In a series of exclusive Q&A interviews with Renée Ward, seven industry executives weigh-in to share their views on how traditional creative advertising agencies tackle providing technology solutions for their brands. The trend is clear. Creative agencies that relied on TV commercial creative awards to woo and satisfy brands are no longer content to watch others pick up the related technology pieces of business that help the brand further connect with its audience to grow revenues.
This trend impacts hiring needs.
Digital technology and access to big data has changed the landscape. It appears that some traditional creative advertising agencies are taking a leading role in developing technology solutions for their brands. At the same time, there are naysayers who feel these agencies are way behind the times.
A cross section of industry executives were interviewed for this piece. They are:
1. Pam Scheideler, Chief Digital Officer in Deutsch’s Los Angeles Office
2. Gina Alshuler, President and CEO Rauxa
3. Kayla Green, Director of Digital Strategy Saatchi & Saatchi LA
4. Eric Morley, President and Co-Founder Blue C
5. Matthew Morgan, Managing Director, makeminecount.com, former Head of Planning at Wunderman
6. Zachary Pardes, Founder and CEO, Agency Geek, former Director at RLM Public Relations
7. Ryan Bonifacino, Principal, Mount Cuba Capital, former CMO & SVP Digital Alex and Ani
If you have a different point of view or want to join the conversation, please comment below.
Note: Interviews were edited for contribution, length and clarity.

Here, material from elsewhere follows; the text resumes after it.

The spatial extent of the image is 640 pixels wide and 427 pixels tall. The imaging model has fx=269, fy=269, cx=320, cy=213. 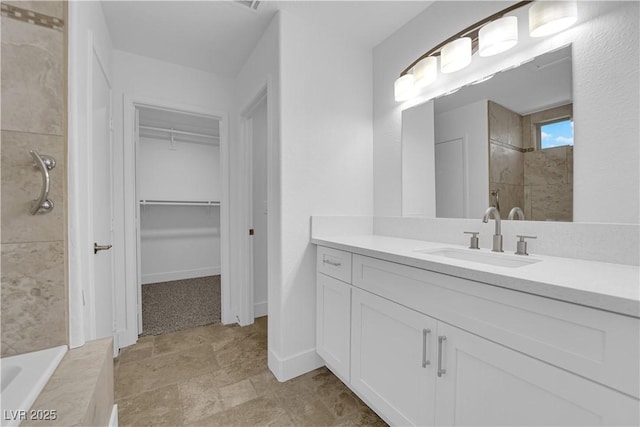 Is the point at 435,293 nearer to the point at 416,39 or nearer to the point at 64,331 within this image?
the point at 64,331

Renée Ward: Do you agree traditional creative advertising agencies are taking a leading role in developing technology solutions for their brands? If so, what is driving this change? If not, why not?
Gina Alshuler: Absolutely, I agree. The trend started building about five years back and many creative advertising agencies are catching up. It’s harder and harder for brands to connect with consumers without being extremely hyper relevant. At the end of the day what powers relevancy, is data and technology. Rauxa has always been rooted in data science. It’s so much of what we do. Technology allows us to further connect data to consumer needs, wants and what they want to hear from the brand.
Kayla Green: Traditional agencies are becoming more like digital agencies and at Saatchi LA, we’ve been seeing this convergence of offerings for a while now. As a result, integrated agencies – who often understand the needs of their clients and their core audiences – are perfectly positioned to support these specific challenges. It makes sense that agencies would start to offer a more non-traditional mix for their clients – it allows internal teams to learn by bringing production in–house, while creatives get to tinker, explore and experiment with new technologies as part of the ideation. Likewise, new digital services are brought to life in the creative process as a result.
Matthew Morgan: No, I don’t in general although there are a few like R/GA who have got into investing in ad tech start-ups, bring them in-house and use them to cross-sell to their clients with varying degrees of success but it definitely puts them on the front from a technology perception point of view with their clients.
What I’m seeing is brands themselves investing heavily in technology. Look at Unilever or Coca-Cola for example. They are not necessarily leap-frogging the agency but they’re just simply bringing a lot of that stuff in-house. After 15 years of working in the digital side of the creative agency world, many of the people I have worked with over time and remain connected, go client side and specifically into technology and data led roles.
Brands understand that they need to have control of their data and the technology that they invest in and use. They are still using their creative agencies as they always did–here is our product or service or offering or whatever it is, bring it to life in a creative way to change the behavior of our target audience. Traditional creative advertising agencies aren’t acutely clear that this is happening. Likewise, technology companies like Oracle and Salesforce, as well as management consulting companies like Accenture and Deloitte, all of whom are good at productizing a solution or widget to make it easy for brands to buy, are infiltrating this space. This is where the traditional creative advertising agencies really fall down because while they’re very good at selling other people’s things, that’s what they do, they’re terrible at selling their own wares.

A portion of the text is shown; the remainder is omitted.